## Aim of the task
Restate word for word the lines below that run from the one holding "Custom Name Photo" through the one holding "Sunset Over Cityscape", inclusive. Pictures don't belong in the copy.

## Information shown
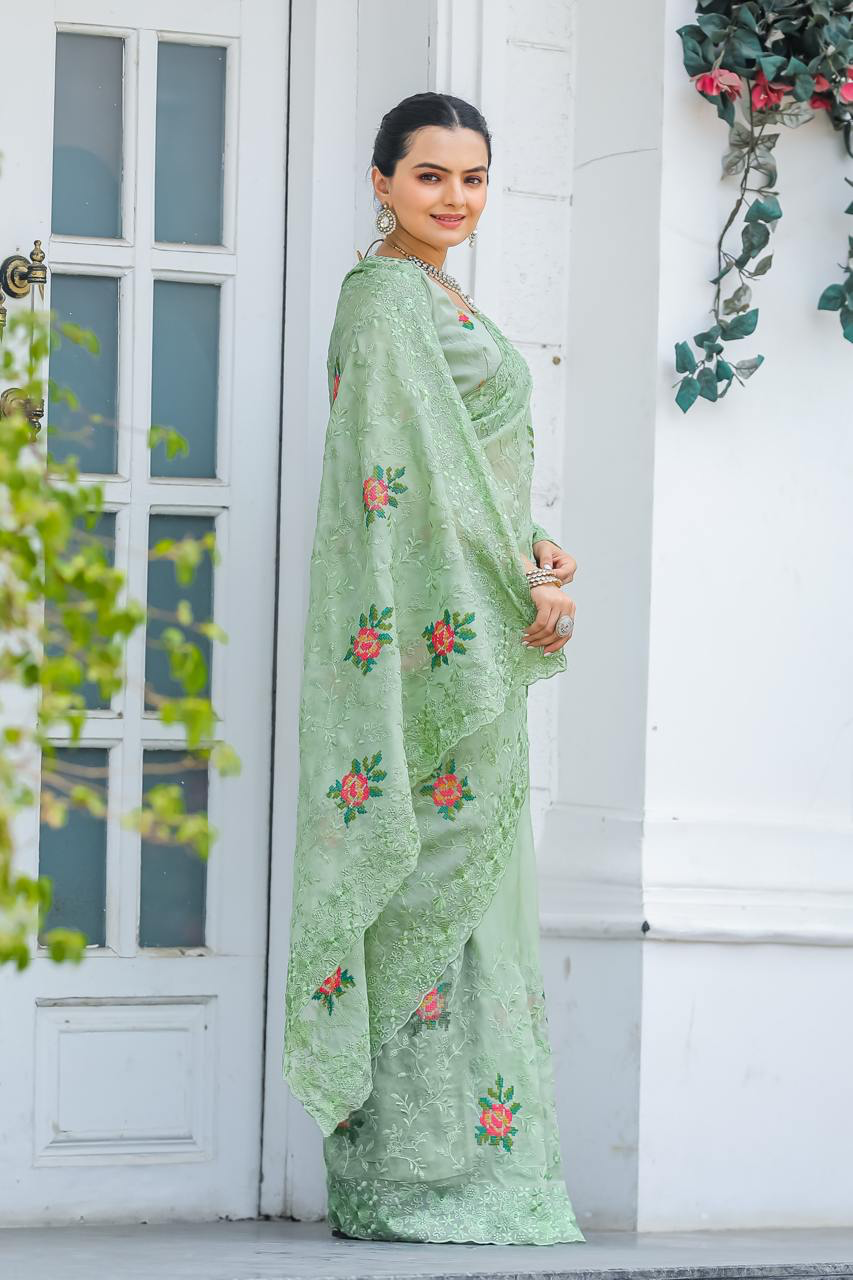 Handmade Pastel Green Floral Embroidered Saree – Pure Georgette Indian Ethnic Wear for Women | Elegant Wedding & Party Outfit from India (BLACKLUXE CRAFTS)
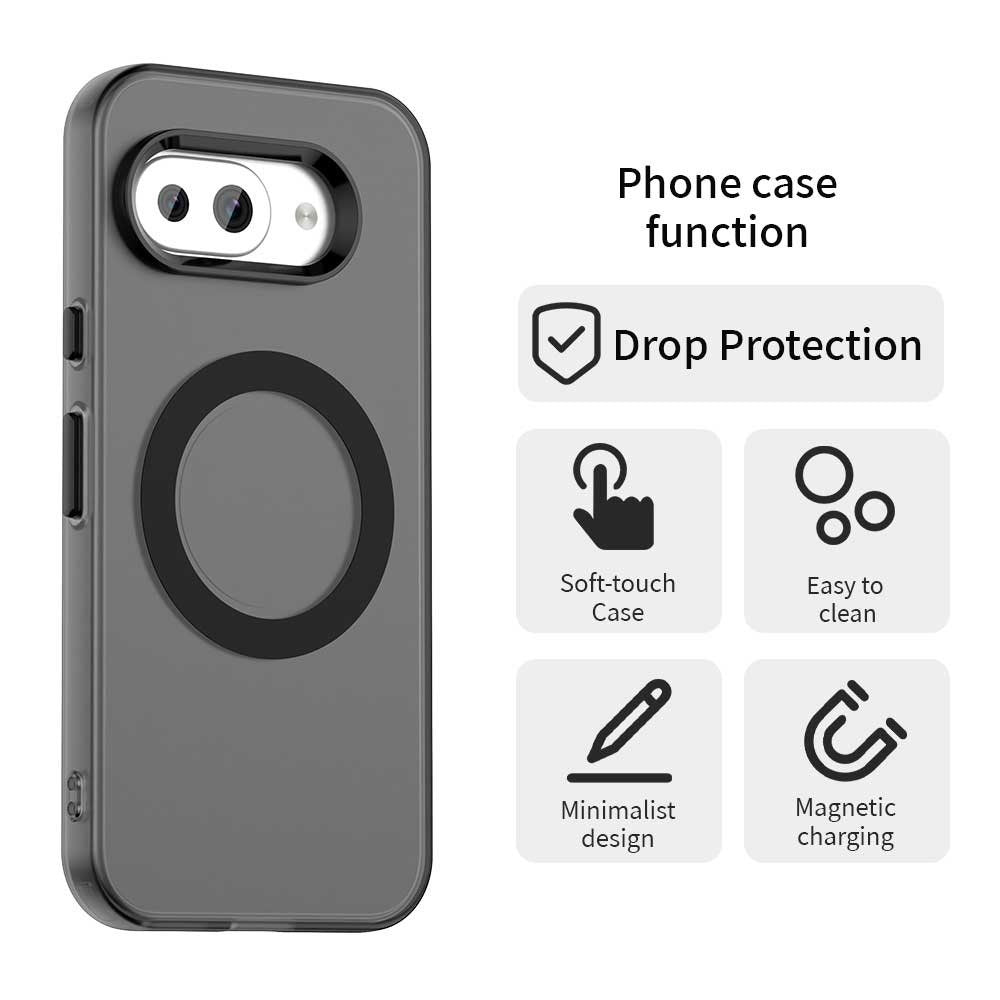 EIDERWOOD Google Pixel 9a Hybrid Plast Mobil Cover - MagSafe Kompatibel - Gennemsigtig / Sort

...

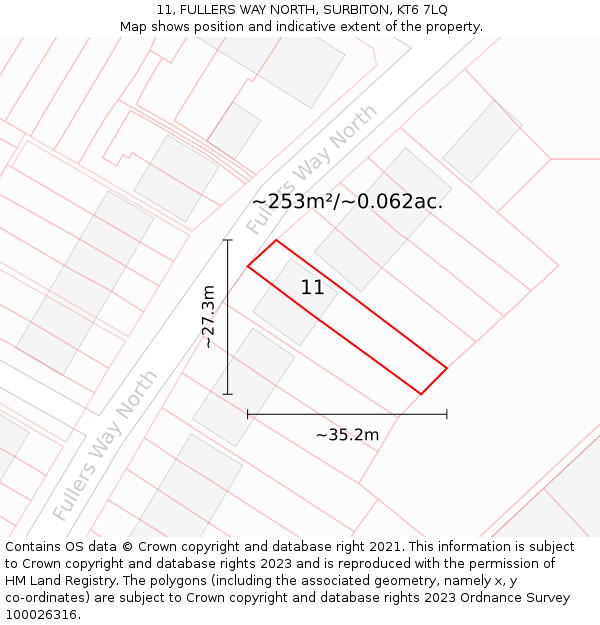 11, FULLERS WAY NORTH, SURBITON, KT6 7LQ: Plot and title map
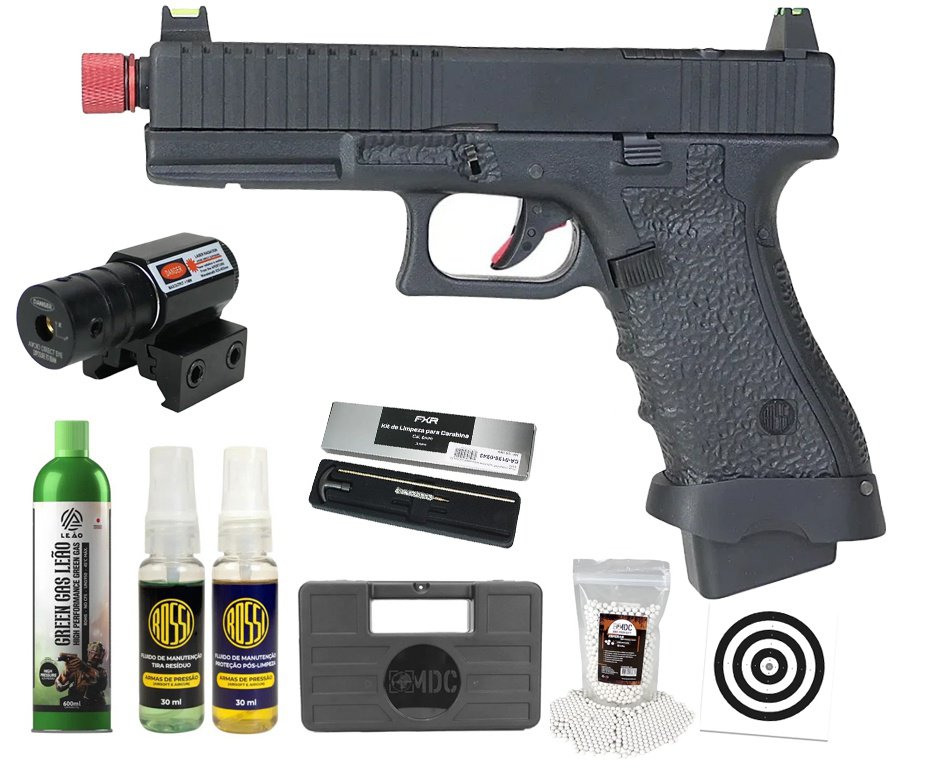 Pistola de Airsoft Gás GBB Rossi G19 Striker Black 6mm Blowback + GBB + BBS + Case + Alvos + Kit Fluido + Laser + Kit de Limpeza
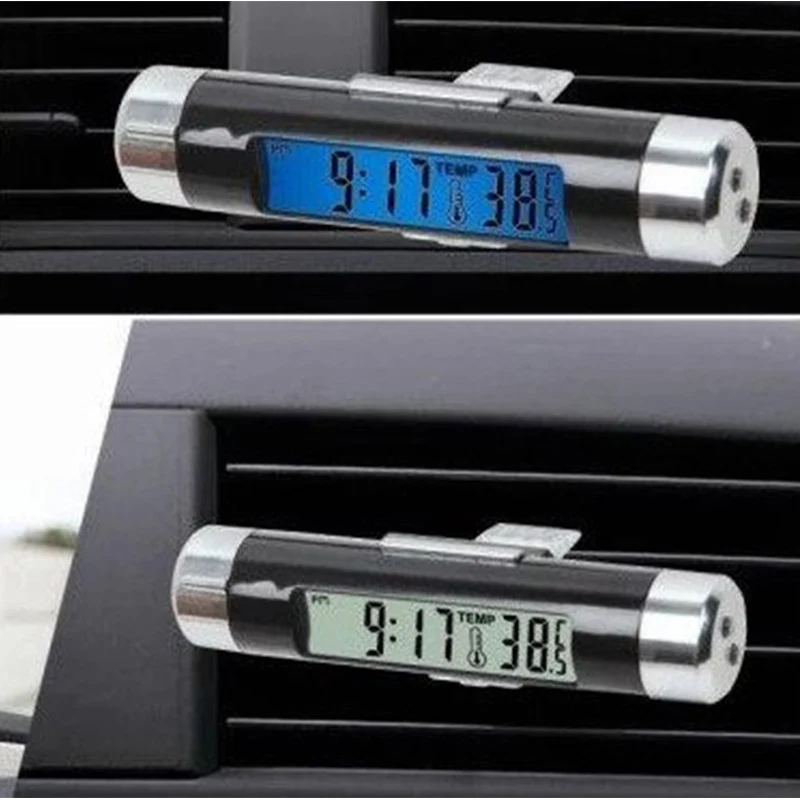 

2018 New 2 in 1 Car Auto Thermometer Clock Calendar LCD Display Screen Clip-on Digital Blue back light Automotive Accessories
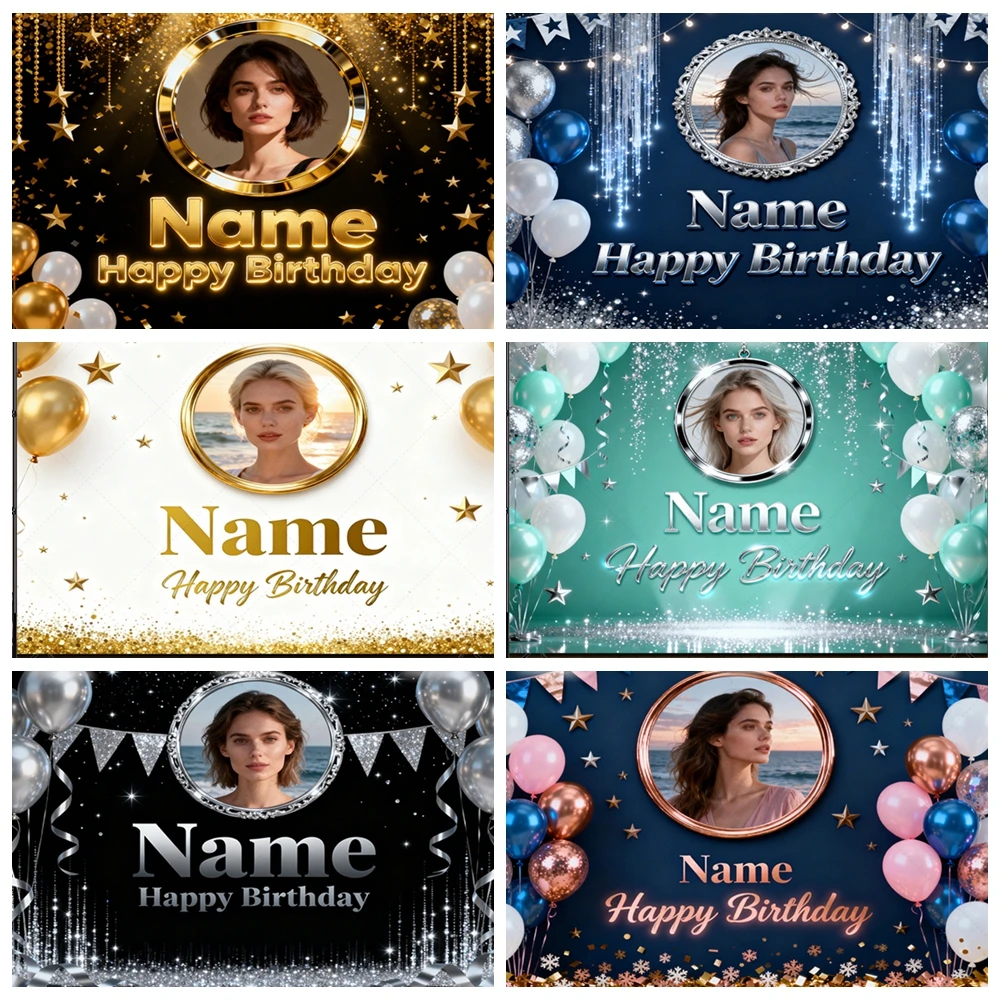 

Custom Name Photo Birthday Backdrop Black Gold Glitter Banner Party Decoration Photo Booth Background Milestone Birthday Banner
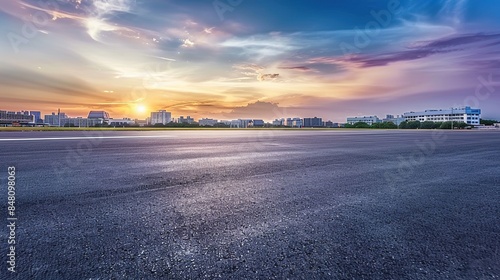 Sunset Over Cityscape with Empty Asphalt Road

## Written response
Custom Name Photo Birthday Backdrop Black Gold Glitter Banner Party Decoration Photo Booth Background Milestone Birthday Banner
 Sunset Over Cityscape with Empty Asphalt Road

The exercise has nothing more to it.